Only the lines from the one that contains "Photo of Salt" through the end of the entries, both included, should be transcribed, exactly and without pictures.

****************************************

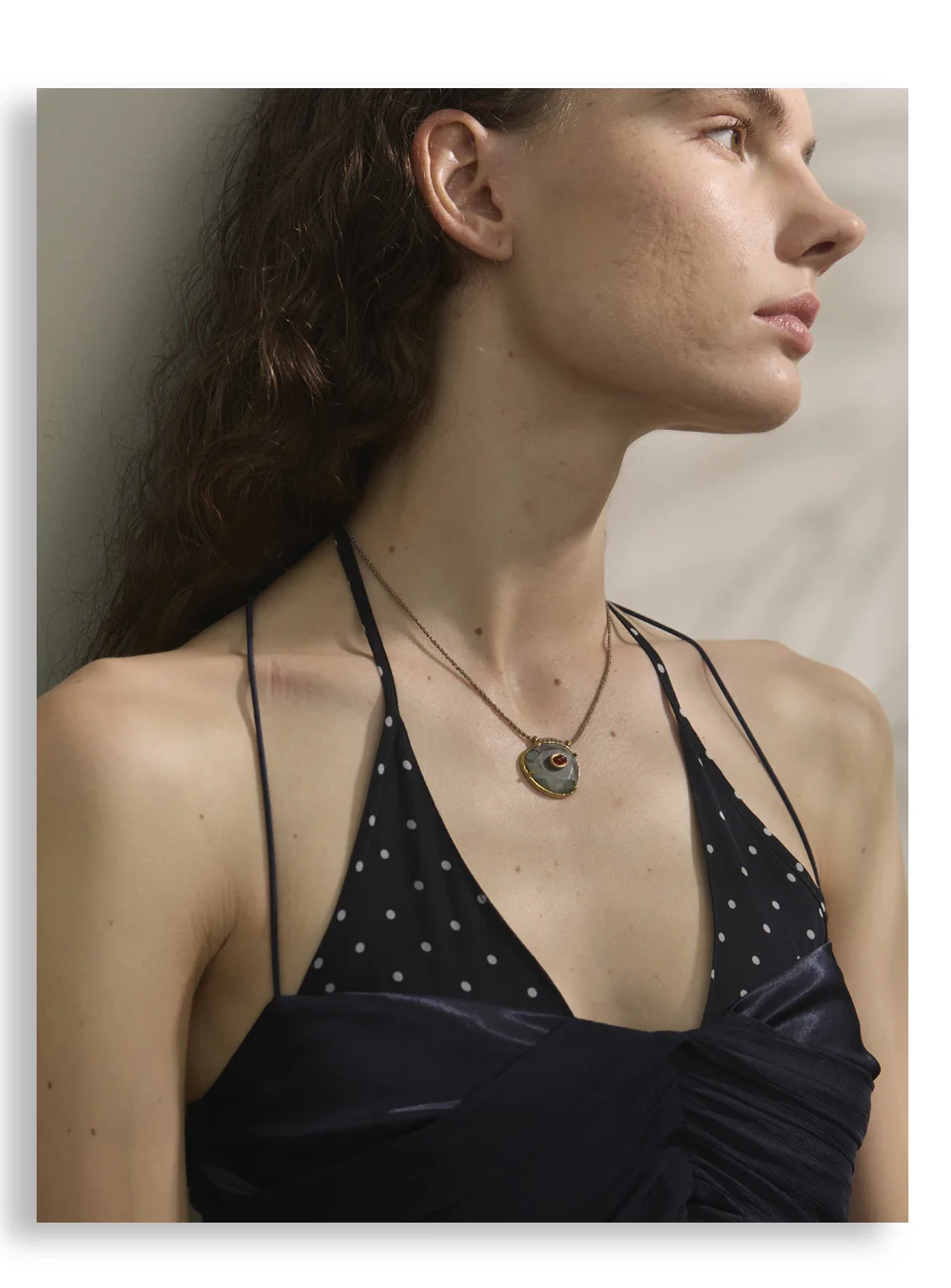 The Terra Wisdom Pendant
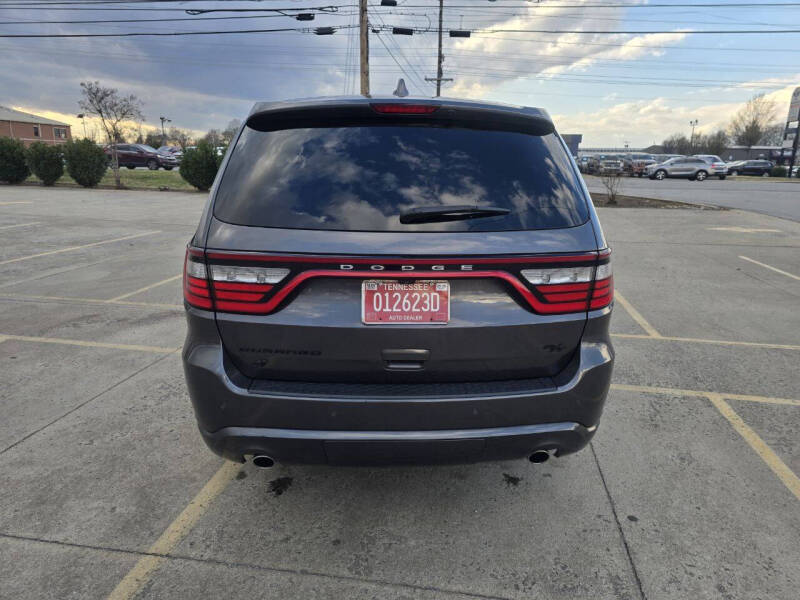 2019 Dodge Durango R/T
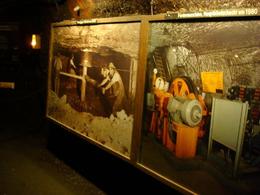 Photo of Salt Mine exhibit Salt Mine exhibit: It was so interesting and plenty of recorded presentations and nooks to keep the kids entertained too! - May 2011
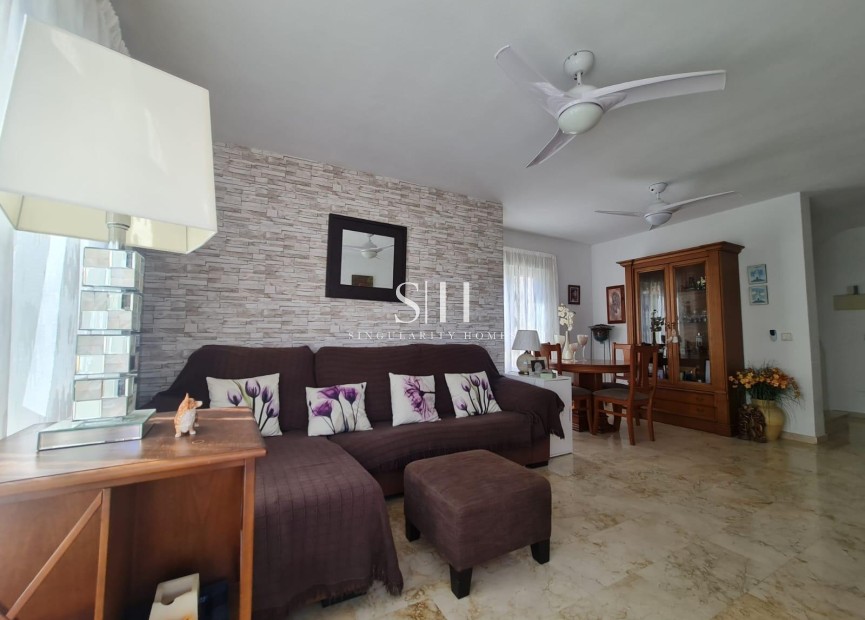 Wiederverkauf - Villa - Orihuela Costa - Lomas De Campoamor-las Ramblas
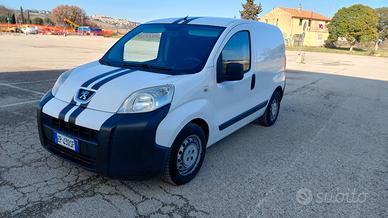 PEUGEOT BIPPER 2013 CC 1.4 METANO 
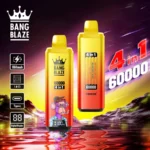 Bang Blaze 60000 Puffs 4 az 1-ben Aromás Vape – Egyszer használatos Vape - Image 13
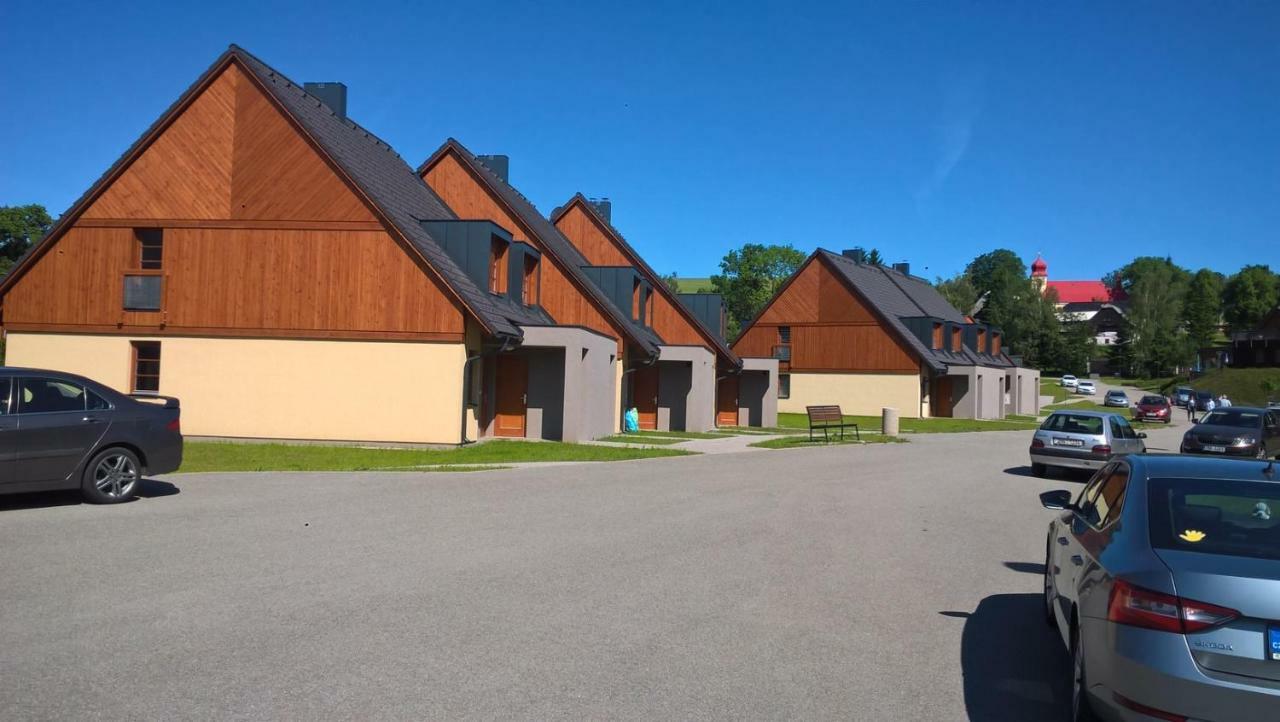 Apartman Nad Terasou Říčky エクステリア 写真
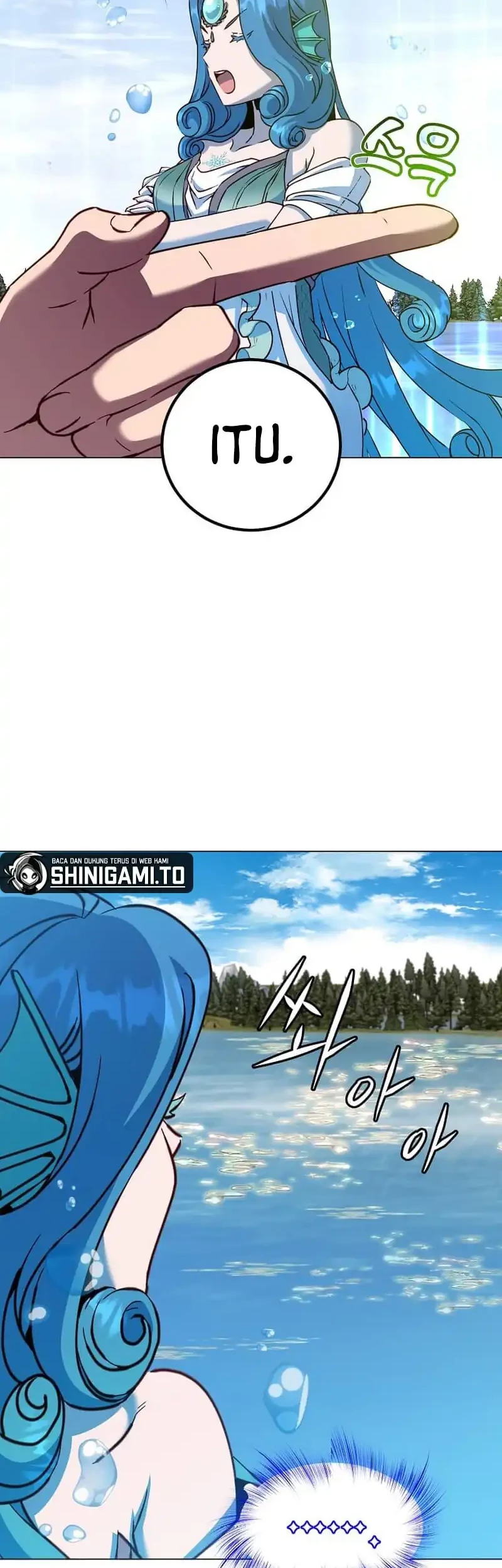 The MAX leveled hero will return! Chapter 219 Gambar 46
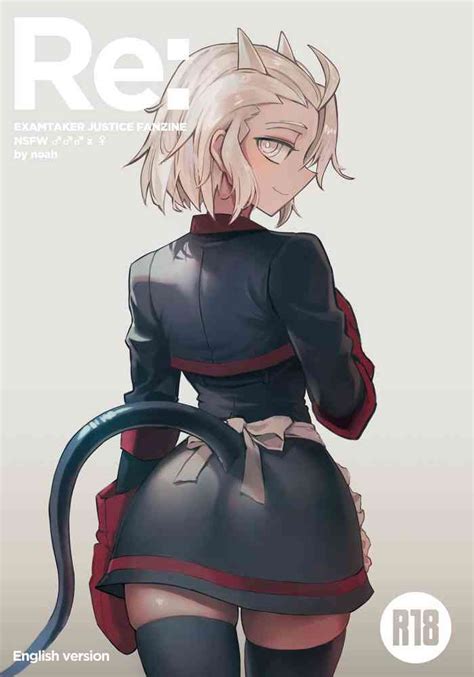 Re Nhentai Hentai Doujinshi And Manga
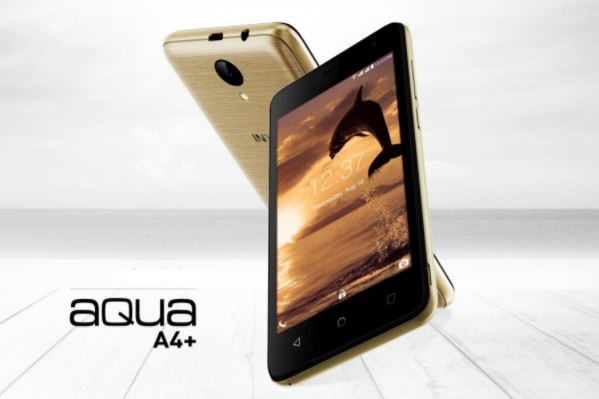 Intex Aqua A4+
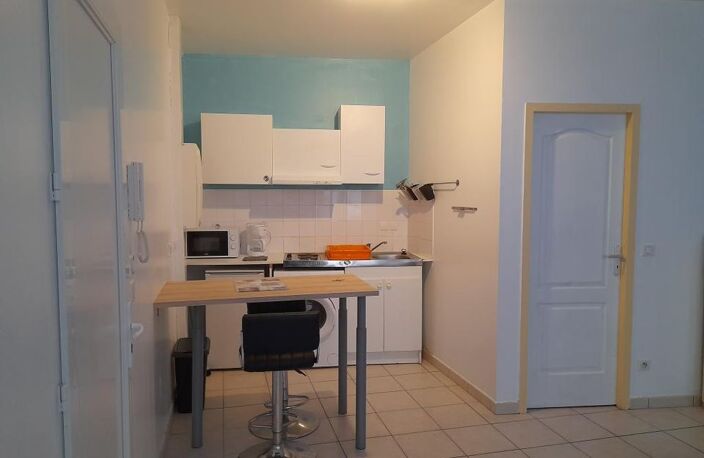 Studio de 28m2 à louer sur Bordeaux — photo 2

****************************************

# Solution for this problem:
 Photo of Salt Mine exhibit Salt Mine exhibit: It was so interesting and plenty of recorded presentations and nooks to keep the kids entertained too! - May 2011
 Wiederverkauf - Villa - Orihuela Costa - Lomas De Campoamor-las Ramblas
 PEUGEOT BIPPER 2013 CC 1.4 METANO 
 Bang Blaze 60000 Puffs 4 az 1-ben Aromás Vape – Egyszer használatos Vape - Image 13
 Apartman Nad Terasou Říčky エクステリア 写真
 The MAX leveled hero will return! Chapter 219 Gambar 46
 Re Nhentai Hentai Doujinshi And Manga
 Intex Aqua A4+
 Studio de 28m2 à louer sur Bordeaux — photo 2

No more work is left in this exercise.